There are eight factors that support my thesis:

  • Economic recovery. Goldman Sachs is projecting United States’ GDP will grow 8% in 2021 as we come out of the COVID pandemic. That’s China-sized growth! Advertising is expected to track GDP growth. Digital advertising will increase a whopping 26% from a massive base of $150 billion – that’s nearly $40 billion of new dollars into the sector this year alone – to $190 billion, according to eMarketer projections. TAM [total addressable market] like that will attract buyers. 
  • Digital acceleration. The COVID pandemic accelerated several sub-sectors of the digital economy: Gaming, streaming and ecommerce. These inflections have both primary and secondary effects that drive growth and transactions as companies vie to get better positioned in these high growth sub sectors. 
  • Changing floorplates. All of this growth is happening at a time when both regulation and technology data policies are shifting the foundation of audience-targeted marketing. New legislation from several jurisdictions is changing the rules. Signal deprecation from Google (cookie) and Apple (IDFA) is forcing a re-architecture of identity in the open web. As a result, companies are acquiring capabilities to adapt. 
  • Triopoly headwinds. With multi-governmental action on both the antitrust and privacy fronts, the dominant big tech firms have never felt more pressure. While specific remedies like break-ups are hard to predict, the scrutiny has driven industry sentiment to reduce platform dependency. Independent alternatives have accrued the benefits of this change in sentiment, which in turn creates a deeper bench of potential acquirers and more deal activity. 
  • Private equity appetite. The past few years have seen the private equity community drive consolidation in the ad tech sector. Major investments from Vista Equity (Mediaocean, IAS, TripleLift), Blackstone (Vungle, Liftoff), KKR (AppLovin), Providence Equity (DoubleVerify), Francisco Partners (Operative), and GTCR (Simplifi) have happened, with more sponsors in the wings. And they’re paying strategic prices for quality targets, as evidenced by Vista’s $1.4 billion valuation for TripleLift. Look for more new entrant and portfolio buying as the sector grows and consolidates. 
  • Corporate restructuring. Several large corporates in telco and media invested in ad tech through the years with a particular thesis that hasn’t panned out. Blame changing data privacy rules and gyrating market valuations for the activity. A prime example is the recent announcement that Verizon is divesting the Yahoo/AOL business to Apollo for $5 billion. We predict more of these deals as corporations rationalize these ad tech assets at a time when their valuation multiples are seeing new highs.
  • Buyer currency.
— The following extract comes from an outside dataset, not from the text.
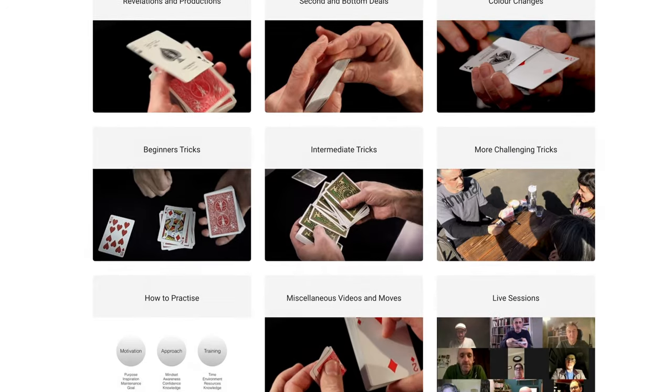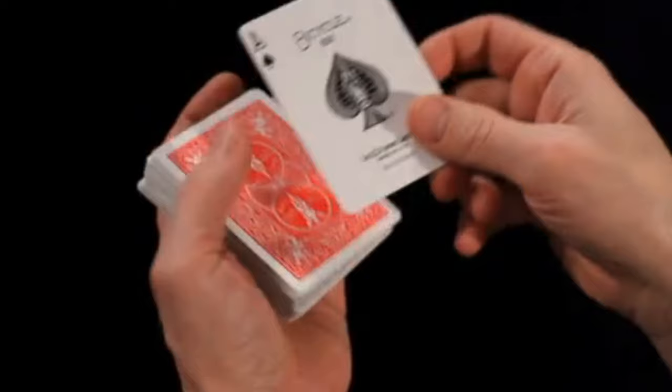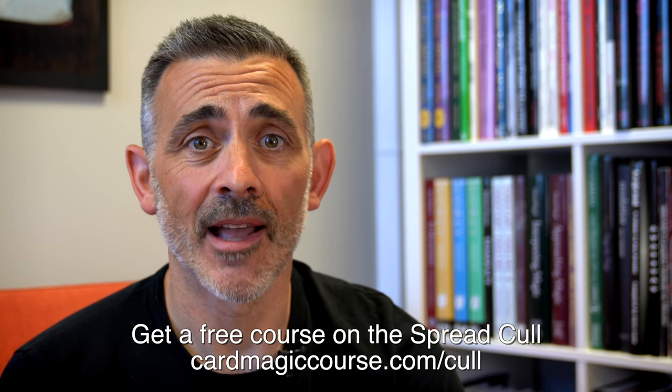Before I do that review, can you like and subscribe? Check out CardMagicCourse.com — that's my online card magic course. It's very good. And if you want a little sample, you can get a free spread cull course at CardMagicCourse.com forward slash cull. Have a look at the testimonials on CardMagicCourse.com. Don't take my word for it. If you like this channel, you will love that course.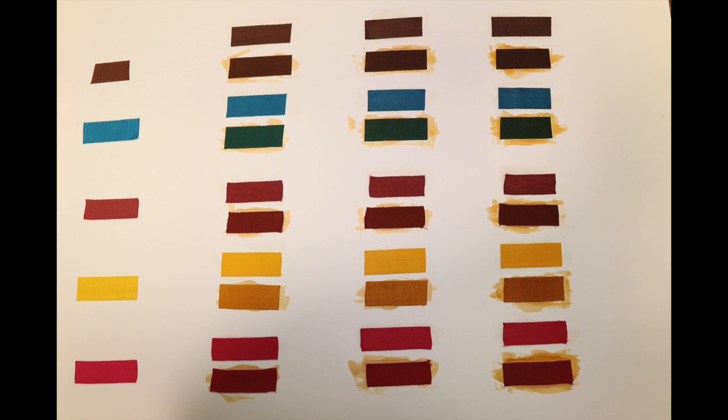The first thing you'll notice is that brown just stays brown — it doesn't change at all. The blue, on the other hand: clear just darkens it, and even after the third coat the color value stays the same. But with amber, by the time you get to the third coat it's a completely different color — more of an OD green.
The robust equity valuations in the stock market make acquisitions less dilutive or more accretive. Bull markets tend to reward acts of commission and lately acquirors have been rewarded with positive announcement day equity appreciations, several in excess of the purchase price. In other words, the deals pay for themselves. Additionally, buoyed stock prices breed confidence and encourage more buying.
  • Public company competition. Historically, the ad tech sector was under-represented in the public markets. Prior to 2017, there was only one public ad tech company that sported a market cap of more than $1 billion. Today, there are a dozen public Ad Tech companies and an equal number are contemplating a public offering in 2021.

This means that before the end of the year, we could have two dozen publicly-traded companies – all with valuations in excess of $1 billion – in the sector. If they trade at current multiples that average more than 20 times revenues, that implies that investors have high expectations for growth. While some of this growth will be achieved by organic means (see points one to four above), companies will invariably have to resort to inorganic growth (code for M&A) to satiate these growth expectations and differentiate from their competitors. That means the strategic buyer pool for ad tech businesses just got a lot bigger.

For a sector that was out of favor with investors for many years, this trend is a welcome development. Get ready for the deluge!